From Wool to DNA…with help from the Clothworkers Company…

It may just look like a lead box with a few sides missing, but don’t be fooled – this is a piece of science history. It’s actually a camera – but one that uses X-rays instead of visible light, and on Sat 13th July I explained to visitors from the Clothworkers Company how, using this equipment, physicist William Astbury made X-ray studies of the molecular structure of wool fibres that led him and his colleage Florence Bell to take the first X-ray images of DNA fibres.
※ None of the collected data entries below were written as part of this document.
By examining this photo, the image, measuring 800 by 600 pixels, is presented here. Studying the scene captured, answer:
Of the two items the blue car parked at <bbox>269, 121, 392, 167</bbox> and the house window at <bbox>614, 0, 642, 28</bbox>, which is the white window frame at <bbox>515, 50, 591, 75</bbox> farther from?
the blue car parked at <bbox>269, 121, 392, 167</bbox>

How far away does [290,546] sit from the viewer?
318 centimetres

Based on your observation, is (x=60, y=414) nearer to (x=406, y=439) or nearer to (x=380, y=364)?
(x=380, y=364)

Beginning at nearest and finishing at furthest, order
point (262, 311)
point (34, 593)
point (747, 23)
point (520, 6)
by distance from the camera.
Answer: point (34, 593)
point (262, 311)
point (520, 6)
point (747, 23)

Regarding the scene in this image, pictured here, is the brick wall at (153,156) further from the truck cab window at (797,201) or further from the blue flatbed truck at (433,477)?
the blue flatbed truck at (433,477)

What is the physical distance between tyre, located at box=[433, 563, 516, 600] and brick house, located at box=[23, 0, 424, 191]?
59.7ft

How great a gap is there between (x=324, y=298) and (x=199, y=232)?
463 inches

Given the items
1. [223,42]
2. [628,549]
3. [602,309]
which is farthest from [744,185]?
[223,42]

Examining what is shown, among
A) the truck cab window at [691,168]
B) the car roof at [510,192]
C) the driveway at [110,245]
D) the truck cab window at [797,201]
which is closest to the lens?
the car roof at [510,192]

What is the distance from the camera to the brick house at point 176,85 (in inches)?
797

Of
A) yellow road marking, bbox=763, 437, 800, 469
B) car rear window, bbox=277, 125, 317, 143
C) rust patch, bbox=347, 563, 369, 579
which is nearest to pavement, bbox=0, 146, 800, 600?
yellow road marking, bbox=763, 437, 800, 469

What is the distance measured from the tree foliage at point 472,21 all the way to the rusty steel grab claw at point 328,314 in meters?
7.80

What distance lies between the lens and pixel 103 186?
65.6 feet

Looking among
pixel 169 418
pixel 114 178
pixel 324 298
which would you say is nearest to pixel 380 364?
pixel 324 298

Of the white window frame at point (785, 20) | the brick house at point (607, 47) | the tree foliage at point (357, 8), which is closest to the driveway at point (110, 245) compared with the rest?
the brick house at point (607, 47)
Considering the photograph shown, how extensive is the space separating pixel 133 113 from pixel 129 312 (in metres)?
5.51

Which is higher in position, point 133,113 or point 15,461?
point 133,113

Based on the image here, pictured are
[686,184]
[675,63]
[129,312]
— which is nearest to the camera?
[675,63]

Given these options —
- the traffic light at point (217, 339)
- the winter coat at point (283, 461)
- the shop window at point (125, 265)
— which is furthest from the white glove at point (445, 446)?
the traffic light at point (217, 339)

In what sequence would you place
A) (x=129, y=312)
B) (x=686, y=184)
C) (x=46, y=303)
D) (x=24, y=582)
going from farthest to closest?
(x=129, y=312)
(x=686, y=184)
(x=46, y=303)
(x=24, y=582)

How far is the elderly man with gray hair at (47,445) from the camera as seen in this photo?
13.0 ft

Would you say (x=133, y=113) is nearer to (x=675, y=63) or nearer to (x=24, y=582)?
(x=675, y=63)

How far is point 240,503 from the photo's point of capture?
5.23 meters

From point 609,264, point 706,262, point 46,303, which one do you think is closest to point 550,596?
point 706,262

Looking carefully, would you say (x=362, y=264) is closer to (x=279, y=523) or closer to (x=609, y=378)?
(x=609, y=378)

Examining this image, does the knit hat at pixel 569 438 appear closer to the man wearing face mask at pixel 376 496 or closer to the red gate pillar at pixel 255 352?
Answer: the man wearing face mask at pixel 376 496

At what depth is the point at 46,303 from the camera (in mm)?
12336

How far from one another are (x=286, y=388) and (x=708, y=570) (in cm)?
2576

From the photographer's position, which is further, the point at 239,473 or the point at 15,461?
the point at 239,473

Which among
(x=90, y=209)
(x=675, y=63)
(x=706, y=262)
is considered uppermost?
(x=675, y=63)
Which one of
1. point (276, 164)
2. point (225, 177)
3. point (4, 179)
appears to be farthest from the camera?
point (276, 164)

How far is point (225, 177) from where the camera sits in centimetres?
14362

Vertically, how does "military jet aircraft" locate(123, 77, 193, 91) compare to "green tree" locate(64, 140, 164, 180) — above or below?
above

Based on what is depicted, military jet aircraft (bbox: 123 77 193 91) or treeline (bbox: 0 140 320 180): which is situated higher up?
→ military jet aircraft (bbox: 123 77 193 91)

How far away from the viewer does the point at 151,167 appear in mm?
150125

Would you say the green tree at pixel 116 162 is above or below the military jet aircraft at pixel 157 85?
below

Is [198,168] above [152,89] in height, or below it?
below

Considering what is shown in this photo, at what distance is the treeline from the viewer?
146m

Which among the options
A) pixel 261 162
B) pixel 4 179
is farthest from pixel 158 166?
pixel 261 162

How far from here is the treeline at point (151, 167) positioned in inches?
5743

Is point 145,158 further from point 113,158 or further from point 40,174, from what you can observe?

The visit celebrated the 150th anniversary of the founding of the Yorkshire College of Science in 1874, which eventually became the University of Leeds. First founded nearly 500 years ago, the Clothworkers Company provided invaluable financial support for both the establishment of the Yorkshire College of Science, and later for Astbury’s post as Lecturer in Textile Physics. I’d like to thank them for their enthusiasm & interest in learning how, with their funding and support, wool helped weave a path to double helix and resulted in today’s Astbury Centre for Structural Molecular Biology! (Accompanied by visual aids of bead necklace from Headingley charity shop to illustrate molecular structure of proteins!)

Plaque on the Textiles Department at the University of Leeds commemorating the support of the Clothworkers Company
Plaque on the Textiles Department at the University of Leeds commemorating the support of the Clothworkers Company in the founding of the Yorkshire College of Science in 1874.